Enhance Lexer to Attach Span Positions to Tokens #6

Closed
opened 2026-03-11 18:03:41 +03:00 by NiXTheDev · 0 comments
NiXTheDev commented 2026-03-11 18:03:41 +03:00 (Migrated from github.com)

Goal: Improve error messages by tracking the exact source location of each token.

Currently, the lexer in lexer.rs likely produces tokens without position information.

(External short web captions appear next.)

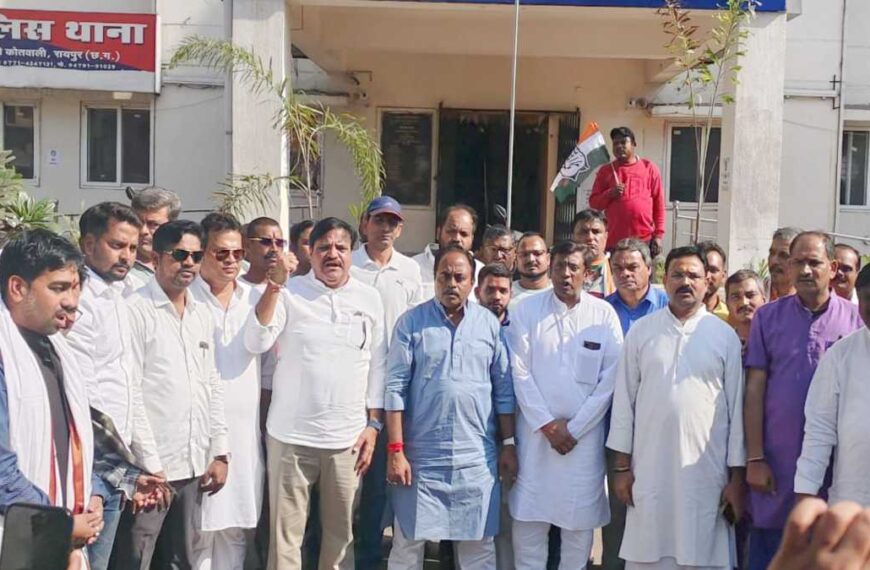 हनुमान जी के अपमान का आरोप : कांग्रेस ने कहा – पीएम मोदी और जर्मन चांसलर ने धार्मिक भावनाओं के साथ किया खिलवाड़, FIR की मांग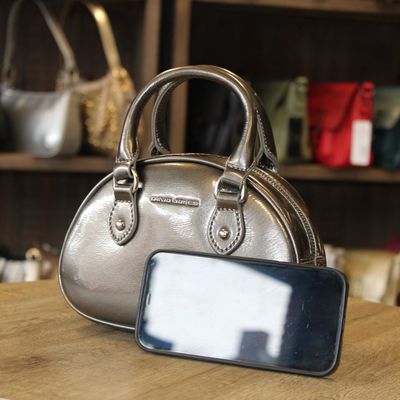 Petit sac à main vernis bronze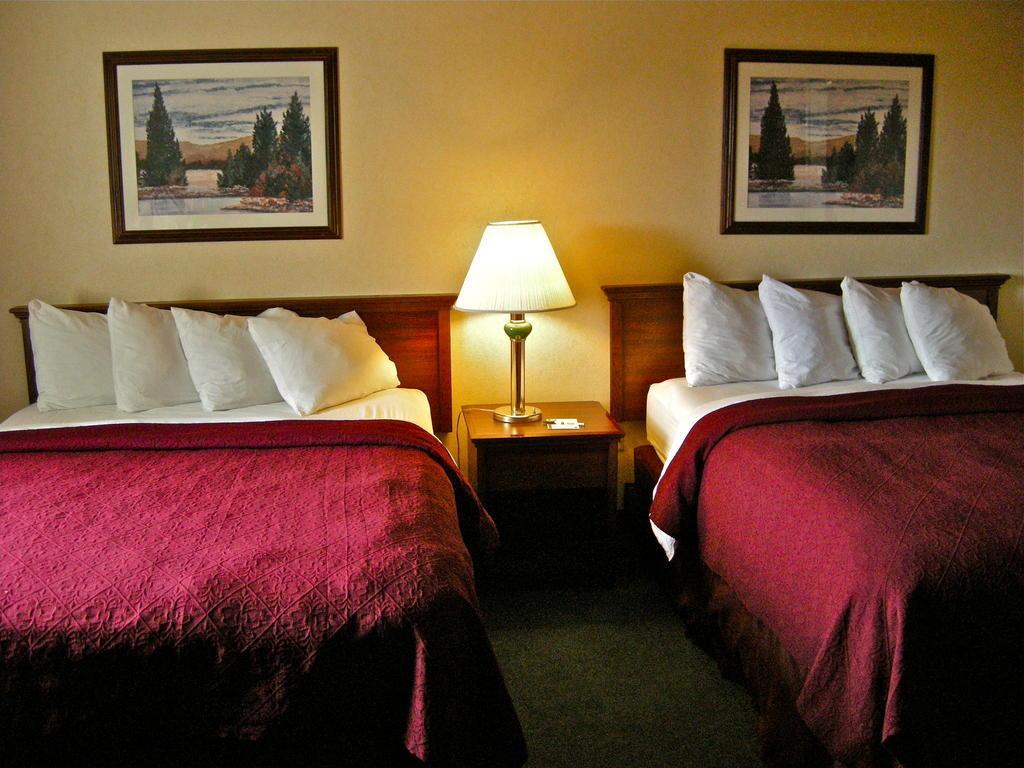 Quality Inn Bend Exteriér fotografie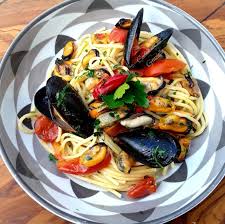 Gli spaghetti con le cozze sono un primo piatto di pesce gustoso e veloce tipico della cucina italiana; Spaghetti Cozze E Pomodorini Ricette Di Cucina Con Me Graziella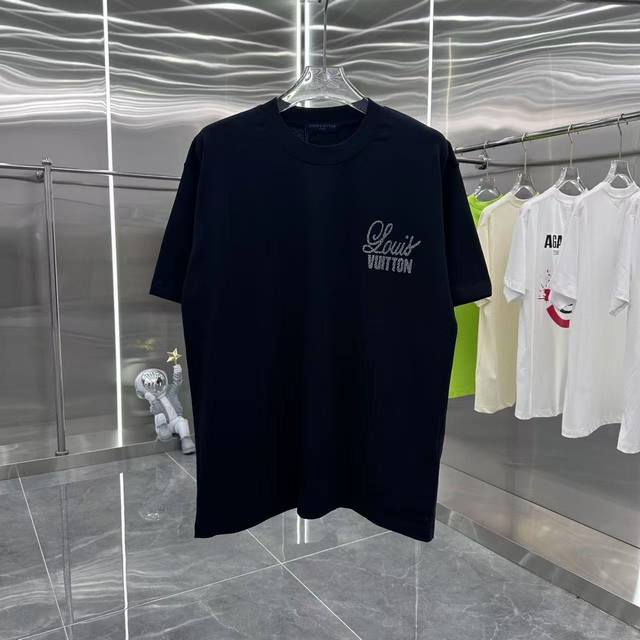 LV 2025春夏新款短袖T恤 厚板工艺 男女同款宽松版 S M L Xl Xxl 五个码 黑色 白色 酒红色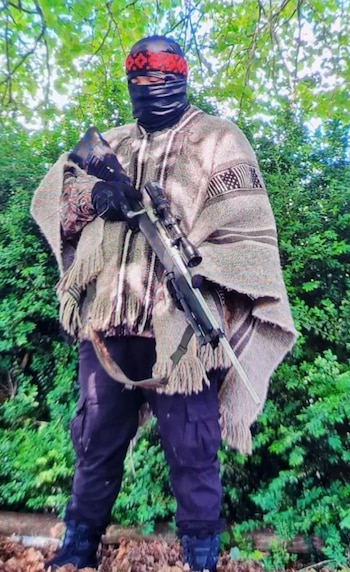 Liguén portait un fusil de calibre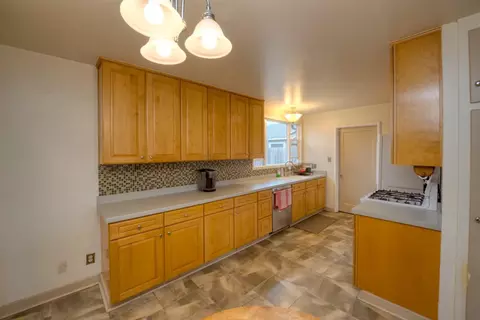 Kitchen - 309 Sequoia St, Salinas, CA 93906 photo 2 of 4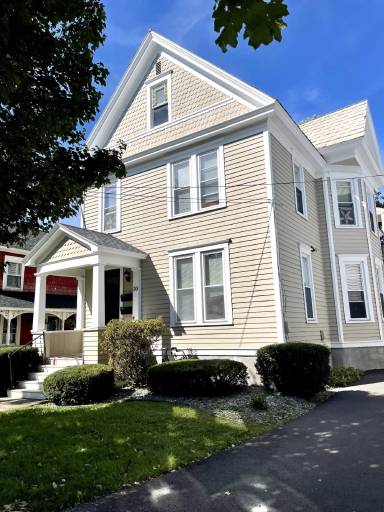 Main picture of 16 Maple Ave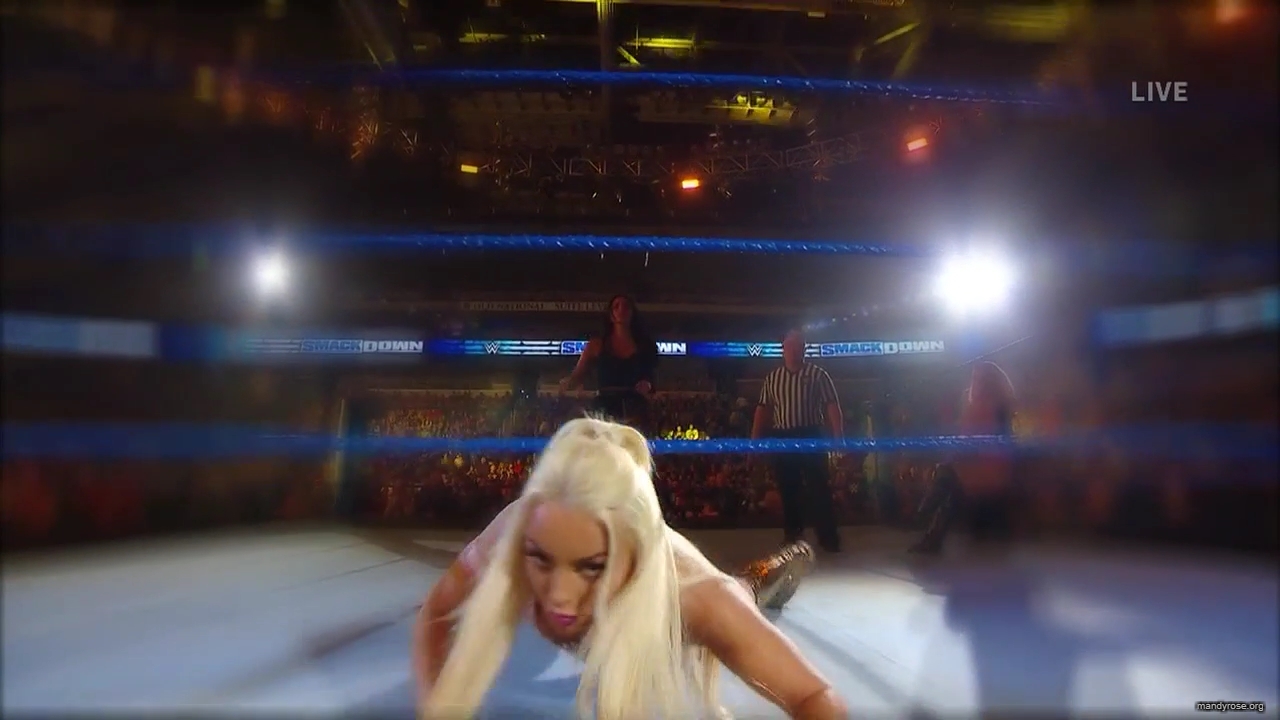 WWE_Friday_Night_SmackDown_2020_01_10_720p_HDTV_x264-NWCHD_mp40198.jpg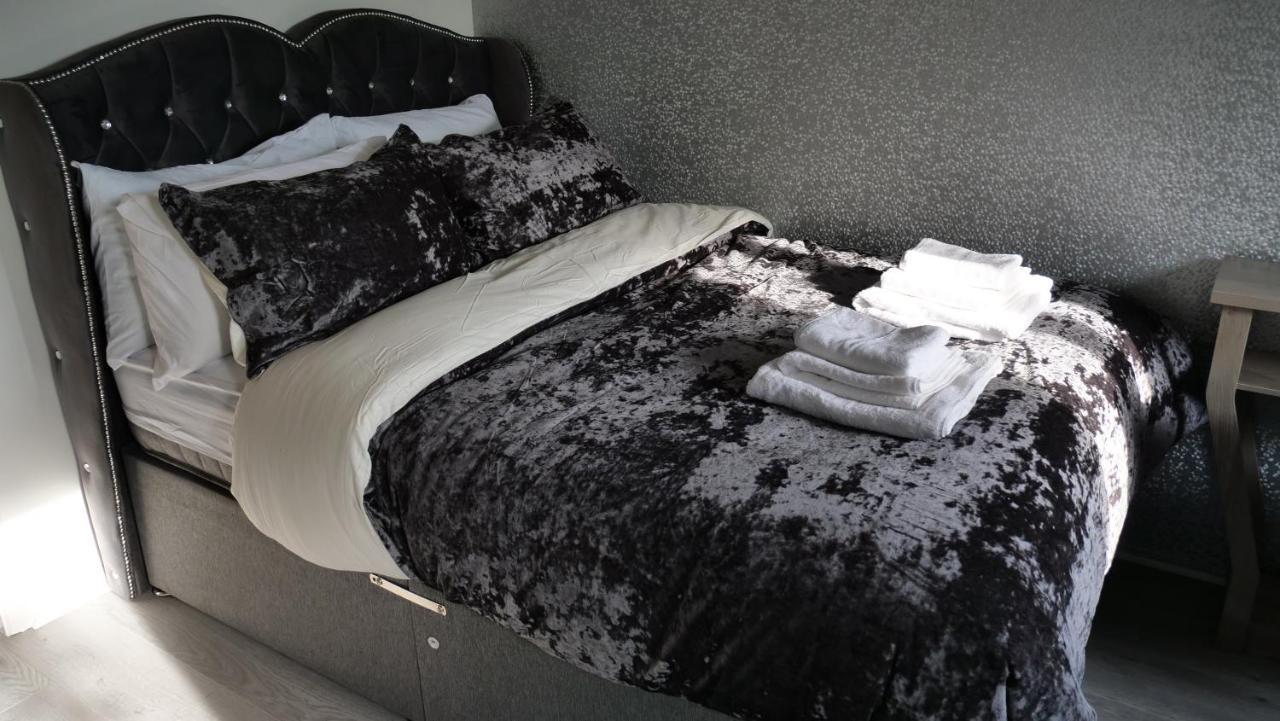 Milton Keynes Luxury Short Stay House With Wifi And Free Parking Wolverton  Exteriör bild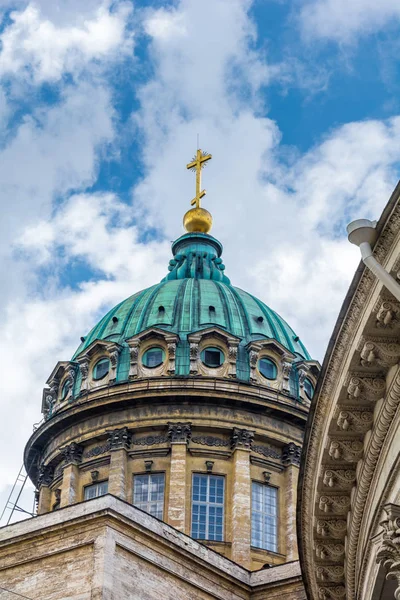 Kupola Kazan katedrális, St. Petersburg, Oroszország — Stock Fotó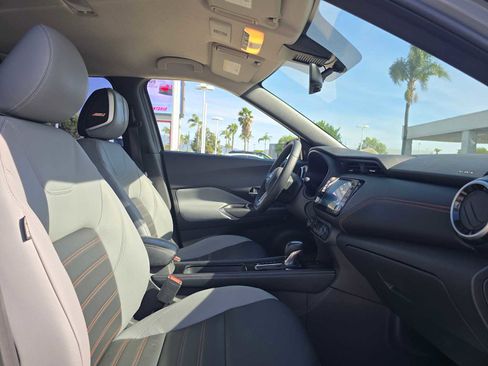 Used 2023 Nissan Kicks SR w/ SR Premium Package image 11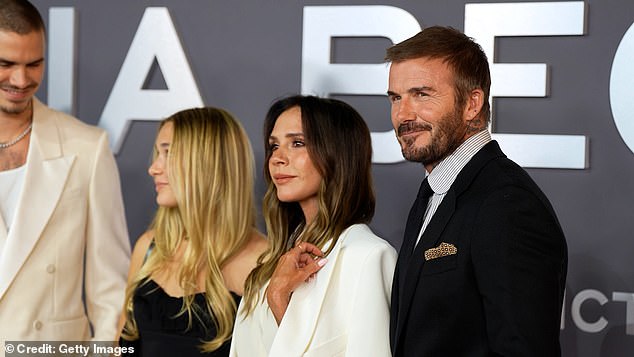 Par ima vrlo blisku vezu oca i kćeri, a David je prošlog tjedna dijelio Harper koji je sjedio na koljenu u backstageu u Victoria's Paris Fashion Weeku emisiji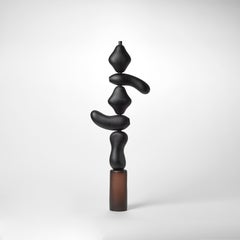 Tótem Orgulloso I, escultura de vidrio soplado negro y marrón con textura, de Simon Moore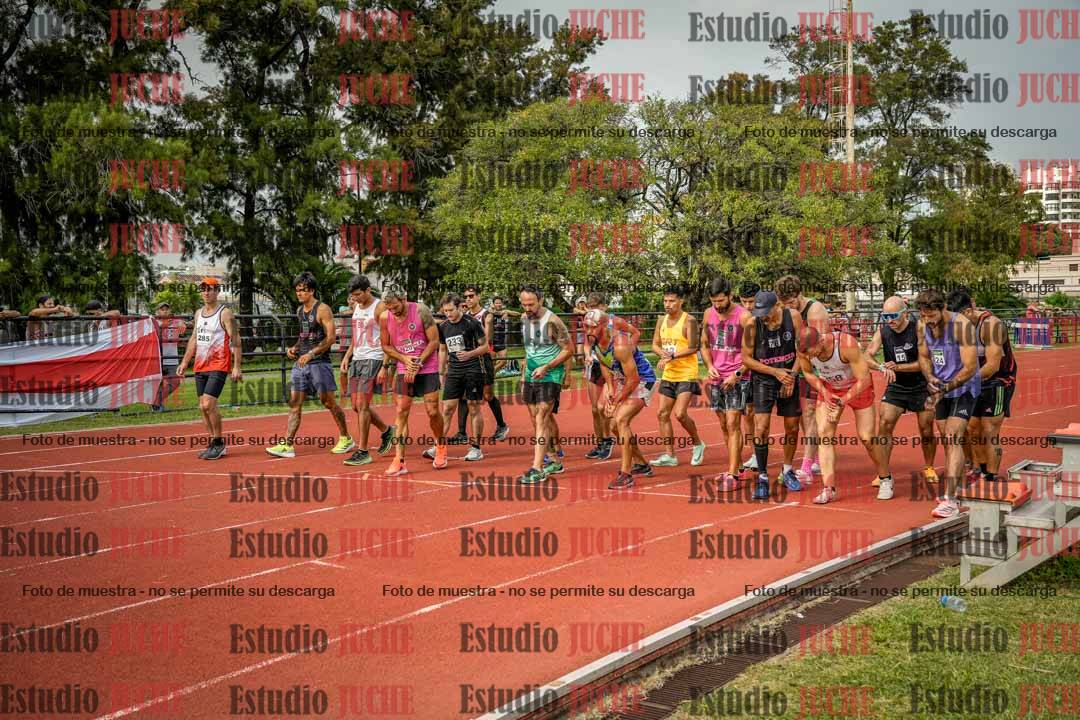 Fotos de los 3000 m llanos de varones
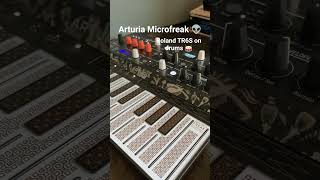 Microfreak makes some great sounds, paired this sequence with the TR6S. #microfreak #tr6s #music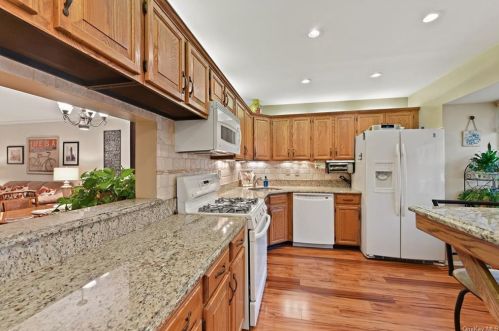 54 Campus Rd, Peekskill NY 10566-2567 exterior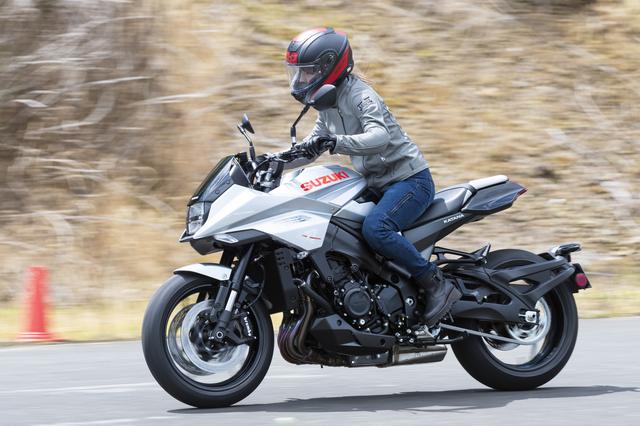 画像1: 葉月美優×SUZUKI KATANA(カタナ)【オートバイ女子部のフォトアルバム】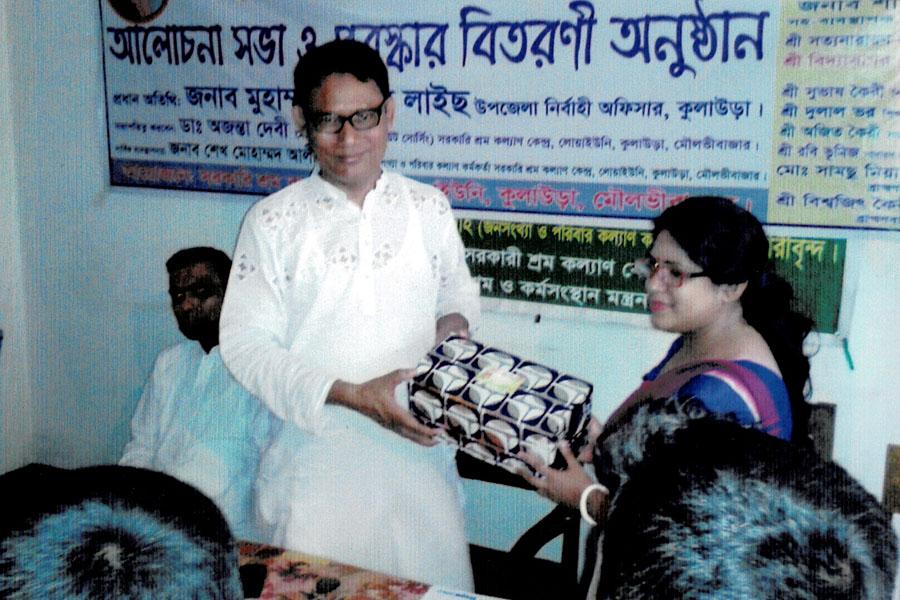 মহান মে দিবস উপলক্ষে 1লা মে 2019ইং সম্মানি উপহার তুলে দিচ্ছেন ব্রাহ্মণবাজার ইউপি চেয়ারম্যান জনাব মমরুদ হোসেন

This makes it impossible to report errors with precise locations.

Proposed Change:

  • Define a Token struct that contains the token kind and a Span (start..end).
  • Update the lexer to record positions as it consumes characters.
  • Modify the parser to accept spanned tokens and propagate spans to AST nodes (optional, but helpful for later stages).
  • In error.rs, use these spans to create SpannedError instances.

Example:

pub struct Token {
    pub kind: TokenKind,
    pub span: Span,
}

pub enum TokenKind {
    Literal(char),
    LParen,
    RParen,
    // ...
}

Implementation Steps:

  1. Refactor lexer::Lexer to keep a current position counter.
  2. For each token, record the start and end positions.
  3. Change the parser to consume Token instead of just TokenKind.
  4. Update error reporting in the parser to use token spans.

Benefits:

  • Errors like "unexpected character ']' at position 15" become possible.
  • Can eventually be used in IDEs/plugins to highlight errors.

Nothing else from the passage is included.